Además, en ciudades tan grandes como Hamburgo, y en general en todas las ciudades alemanas donde el transporte ferroviario es tan importante, la estación de tren es un edificio inmenso, con una vitalidad extraordinaria y con un ir y venir de gente que desorienta bastante. Siguiendo las indicaciones de los carteles encontré sin mucho problema la línea de metro que me llevaba a la Universidad y me presenté allí con mi maleta y mi cara de llevar viajando desde las tres de la mañana.
Para encontrar los edificios del campus, me perdí. Sí, me perdí, igual que me he perdido ya varias veces cada vez que he intento conocer una zona nueva de la ciudad. Para poder justificar mis retrasos (ya he desistido, soy impuntual por naturaleza) he aprendido las diversas formas del verbo perder (no pueden usar el mismo verbo, claro, son alemanes y lo tienen que hacer sencillito para gente como yo), verpassen, verlieren, (sich)verlaufen. Para los interesados, ya les explicaré la diferencia según el contexto. Cuando me encontré, fui directamente a secretaría para resolver mis papeles, pero estaba cerrada. Sólo pude encontrar a un grupo de españoles que hacían cola para un viaje a Berlín subvencionado por la Uni. Fui a comer con ellos y en pocos minutos pensé, mejor sola que mal acompañada. Algunos de ellos son realmente simpáticos, pero en solitario. Como colectivo, el grupo de españolitos o en su defecto mejicanos, no me interesan. El punto positivo fue que al menos conocí un menthor alemán que me acompañó hasta el albergue juvenil. No me dejó sola hasta que los papeles estuvieron terminados y la llave de la habitación estaba en mi mano. Estas fotos tan coloridas son de la habitación del albergue en el que pasé dos largos días. Como se puede apreciar, aquello era un caos. Yo me sentía limpia y ordenada en comparación con mis compañeras. La habitación era demasiado pequeña para alojar a tres alemanas histéricas (niñas pijas que celebraban el cumpleaños de una de ellas, 18 años, ¡qué tierno!), dos turistas japonesas (que no se enteraban de nada, pero que eran muy educadas y amables) y una servidora (me ahorro los comentarios, ya me conocéis). Espero poder hablar algún día sobre las dos japonesas, porque surgió la amistad rápidamente, aunque sabíamos que nuestra convivencia era algo fugaz.
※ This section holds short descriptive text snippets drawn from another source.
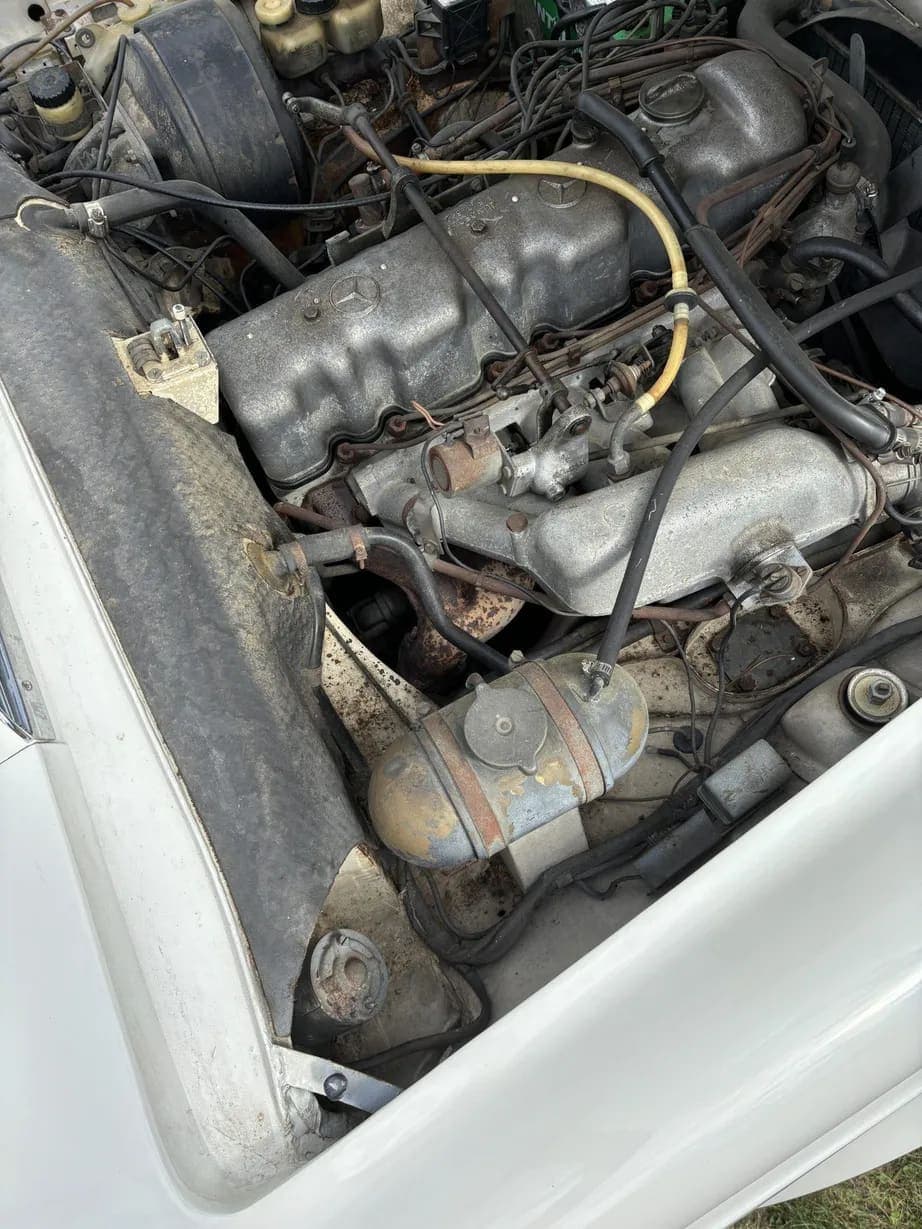 1971 Mercedes-Benz 280SL, view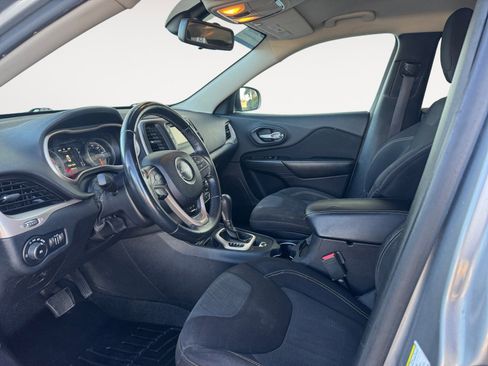 Used 2016 Jeep Cherokee Latitude image 9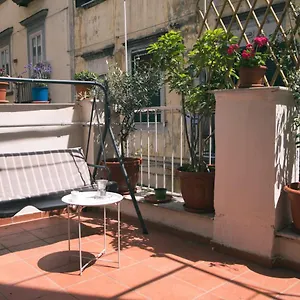 La Casa Del Nespolo, 2 Terrazzi E 2 Bagni In Centro Appartement Naples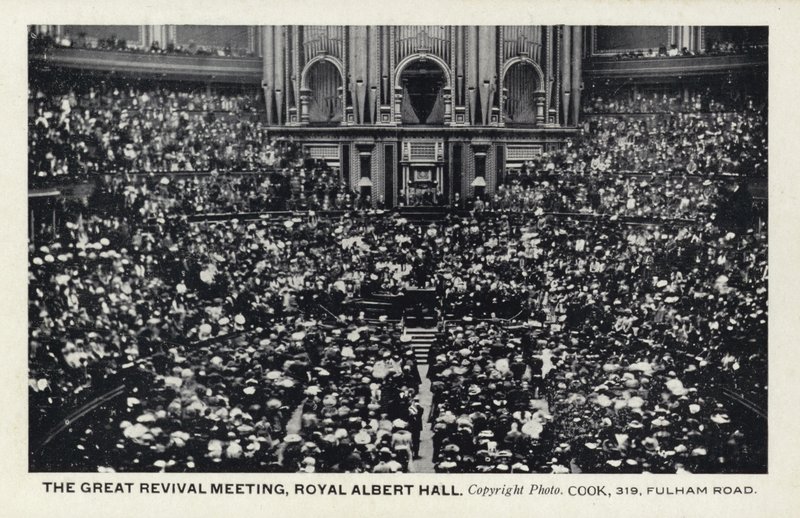 Büyük Canlanma Toplantısı, Royal Albert Hall, Londra by English Photographer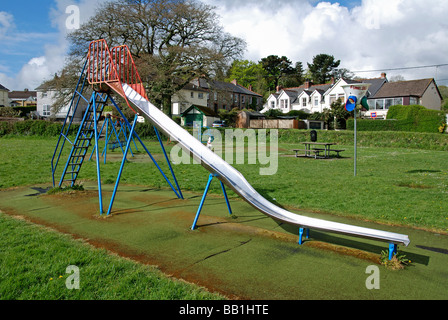 Une diapositive vide dans une aire de jeux pour enfants à Cornwall, uk Banque D'Images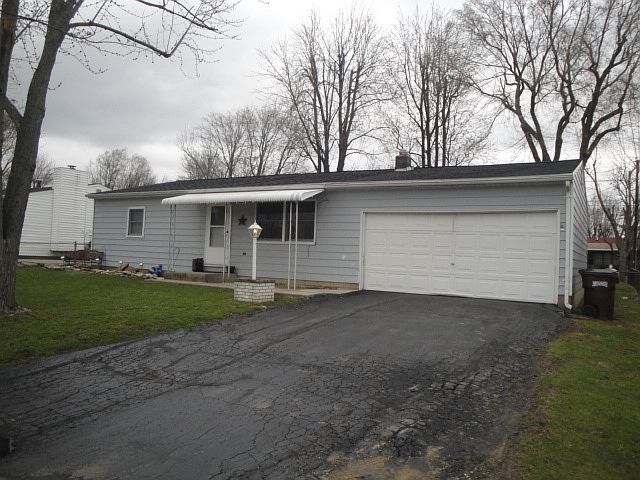 1st image of 205 Surrey Ln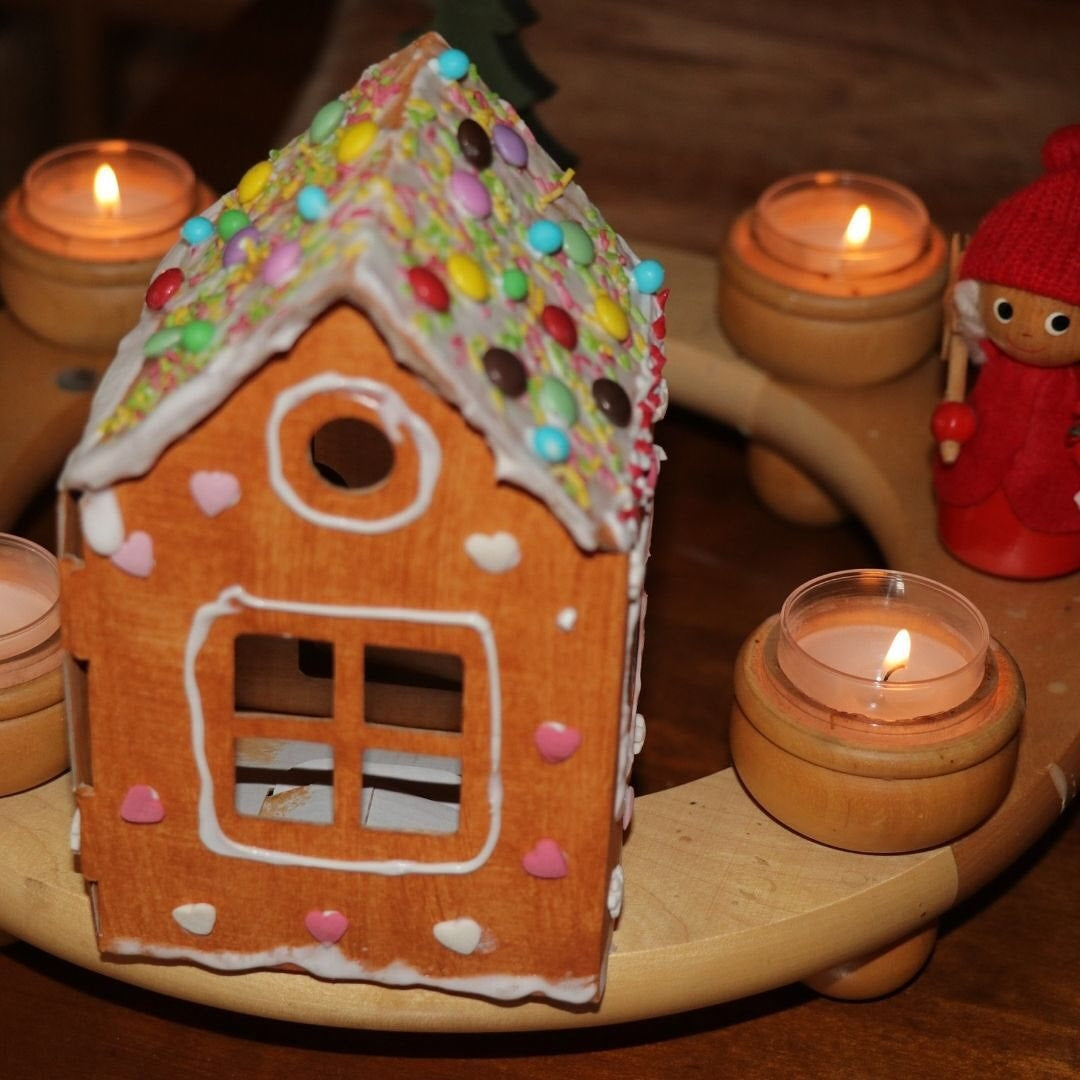 Gingerbread Cottage Crafting kit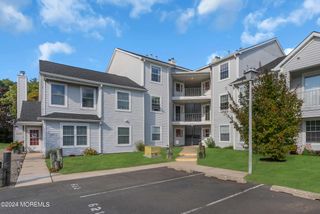 621 Waters Edge Drive, Toms River, NJ 08753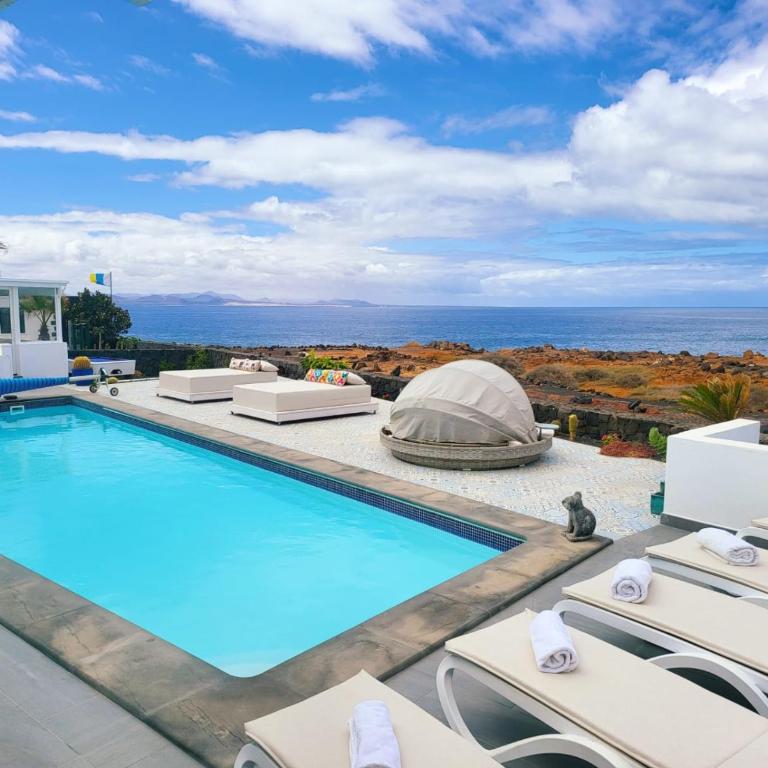 Villa Sunset Paradise with panoramic sea view, first line, sunsets - Villa - 9
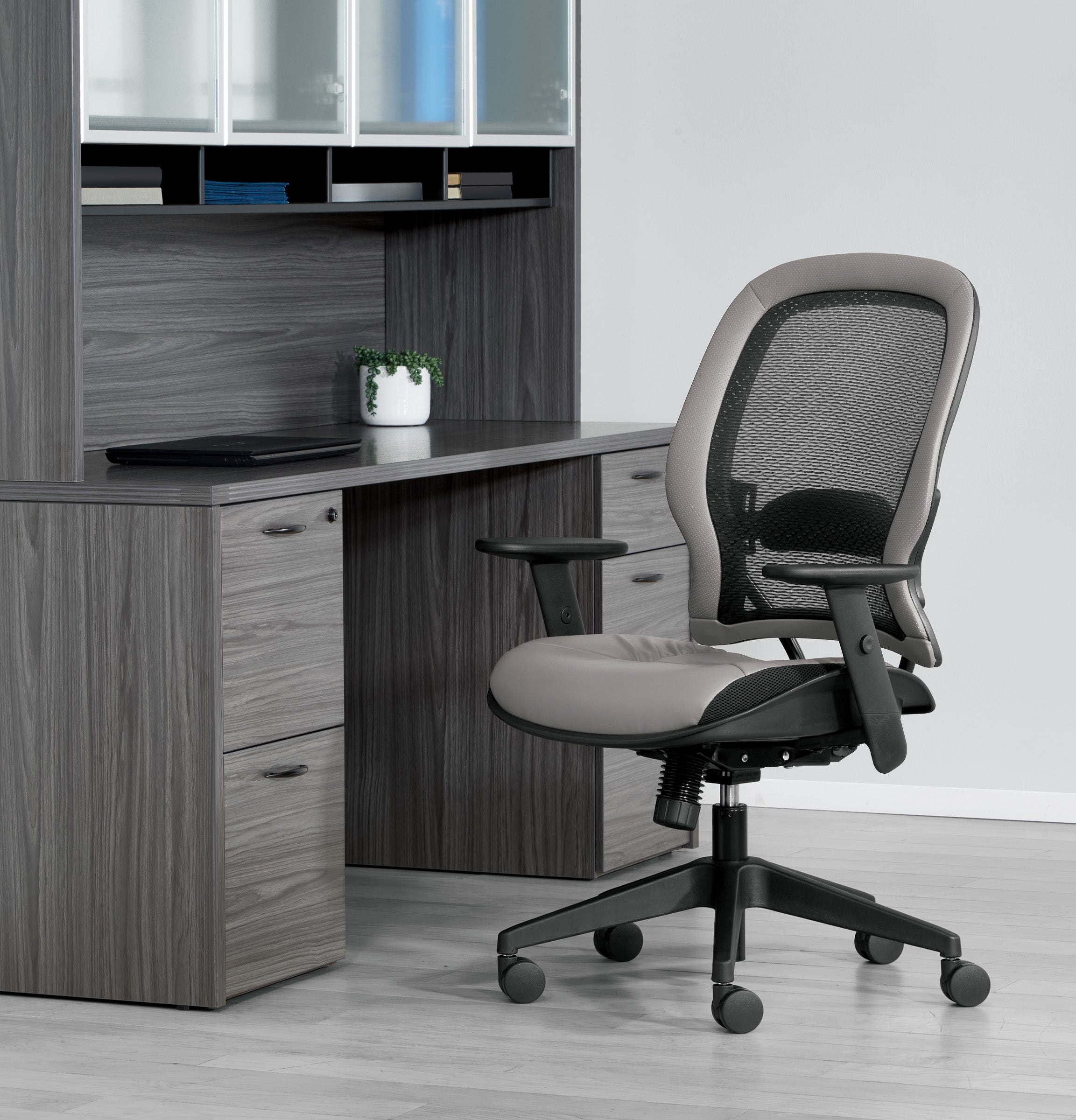 Dark Air Grid® Back Managers Chair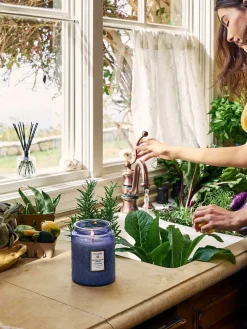 Best Vela perfumada artesanal Mediterranean Lemon (limón, bergamota, jazmín y ámbar solar) Velas Perfumadas|Jarrones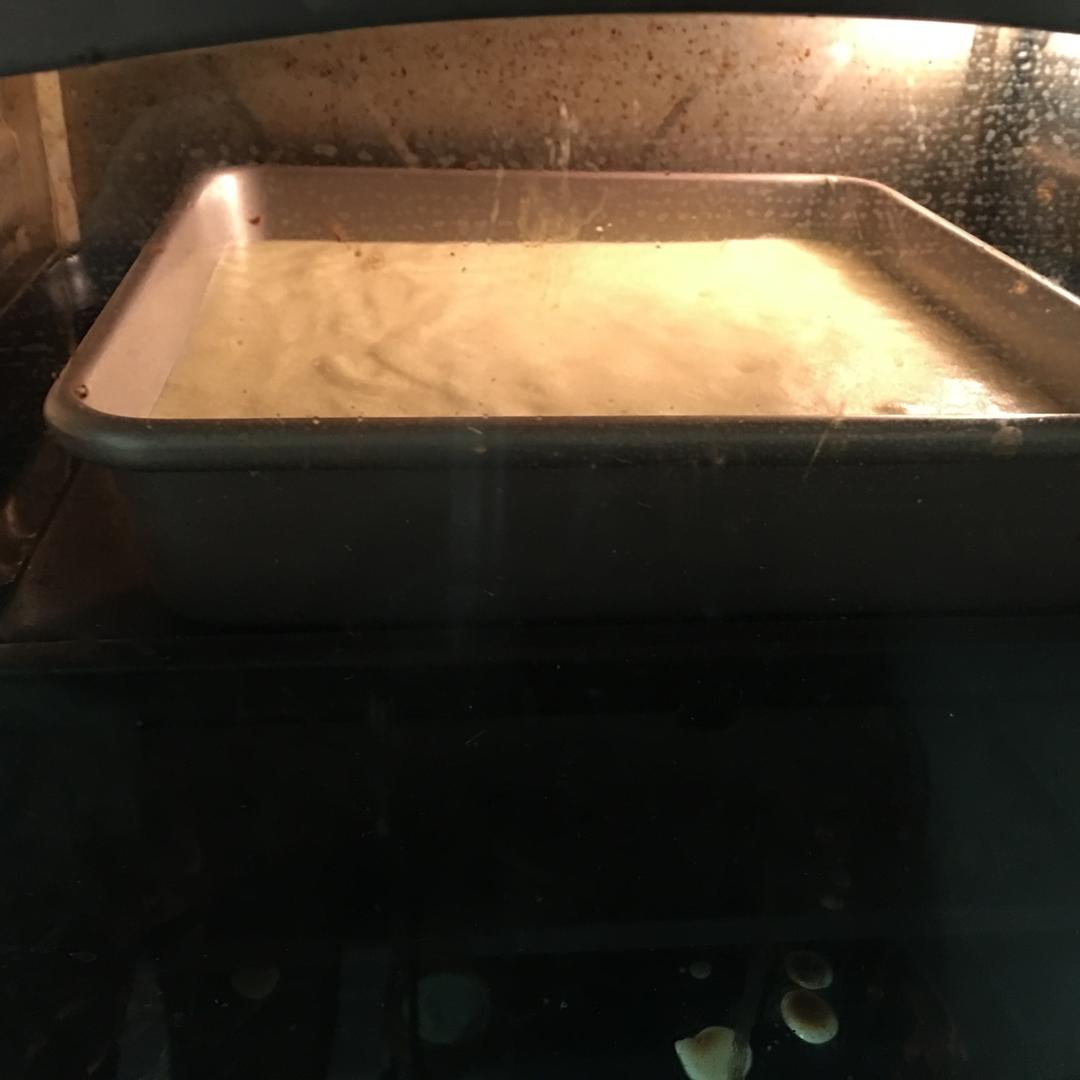 烤箱做蛋糕（戚风蛋糕的做法）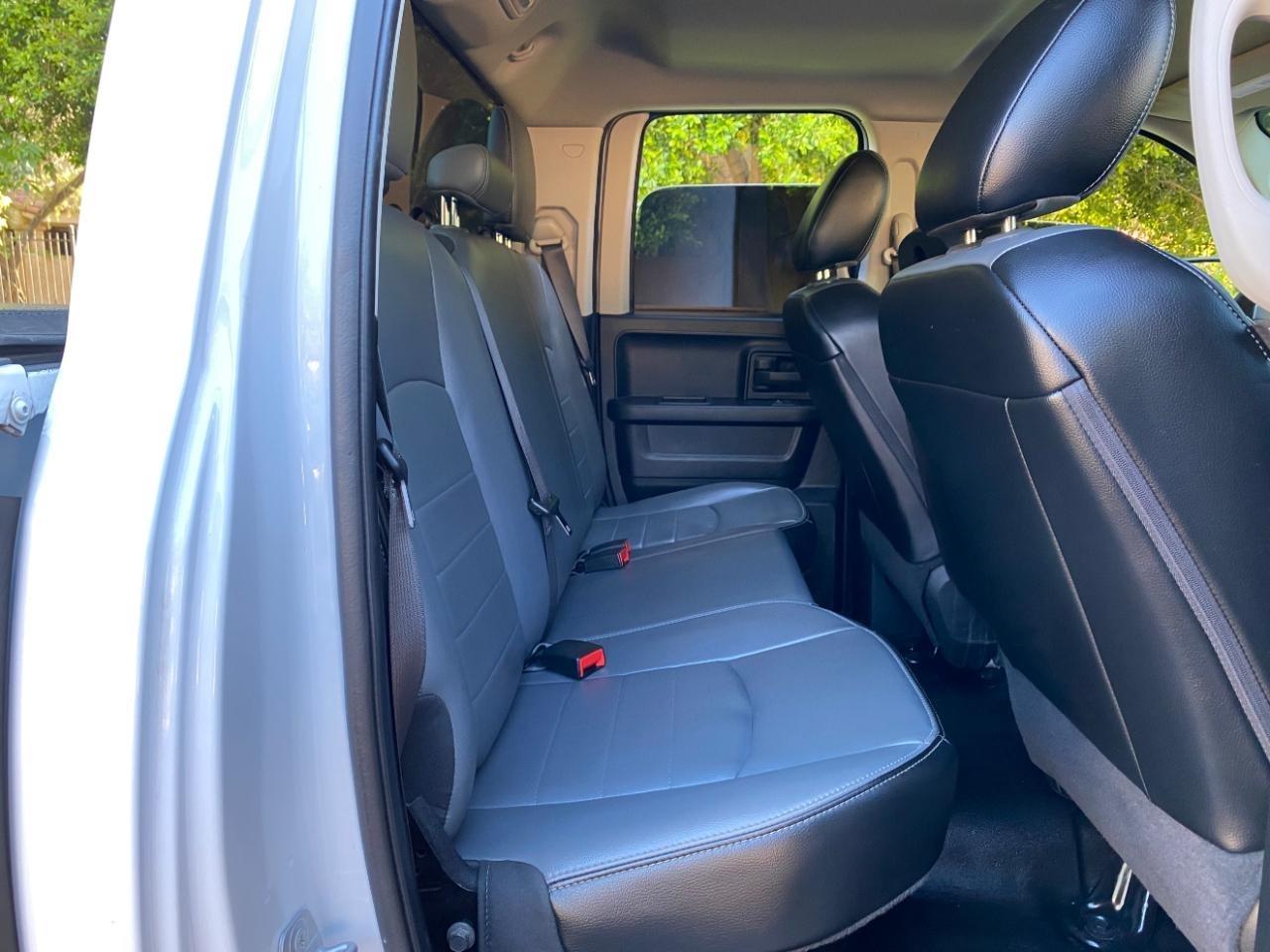 RAM 1500 Classic Tradesman Quad Cab 4WD 2022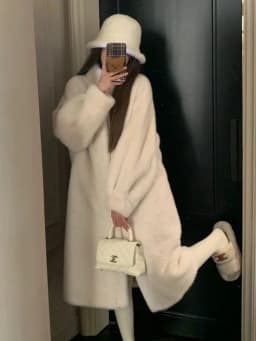 Winter 2026 New Women's Thickened Long Fur Coat Eco-friendly Synthetic Mink Fur Outerwear Korean Style Loose Fit Commute Wind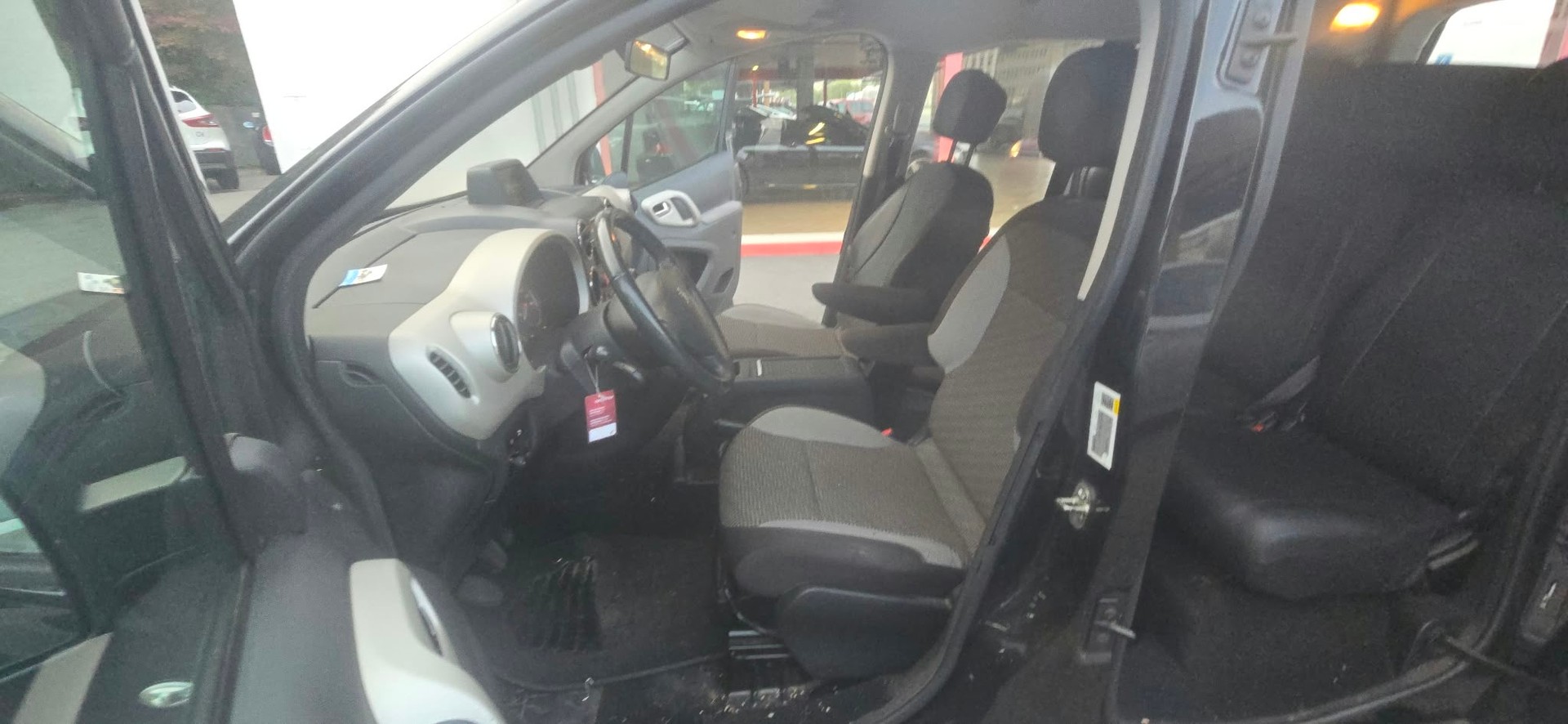 PEUGEOT Partner 1.6 HDI Allure-image-7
Durante aquellos dos días me limité a ir a la Universidad a resolver papeleo y a dar pequeños paseos por los alrededores del albergue. La verdad es que había
escogido el mejor situado, justo al lado del centro de la ciudad, en el barrio que se llama St. Pauli. Es el antiguo barrio chino, pegando al puerto y abarrotado de clubs nocturnos para marineros solitarios. Actualmente, es el barrio húmedo de la ciudad, plagado de bares y discotecas, especialmente a lo largo de la calle llamada Reeperbahn, algunos de los cuales prestan además otra clase de servicios (striptease y algo más). Me recuerda considerablemente al ambiente que se respira en el Barrio Rojo de Amsterdam, a excepción de los coffeshops, claro. Del mismo modo, no son zonas por donde se pueda caminar sola, de noche, sin entender nada y con cara de perdida. No es peligroso, pero hay que conocerse algunos rincones oscuros por los que es mejor no pasar. Conociendo el percal de lo que me reodeaba, que suena interesante, pero no para salir sola a la aventura, preferí permanecer en el albergue, a la espera de mejores tiempos. Me conformé con disfrutar de las espléndidas vistas del puerto de St. Pauli al atardecer, un paisaje perfecto para empaparse de la esencia portuaria de la ciudad.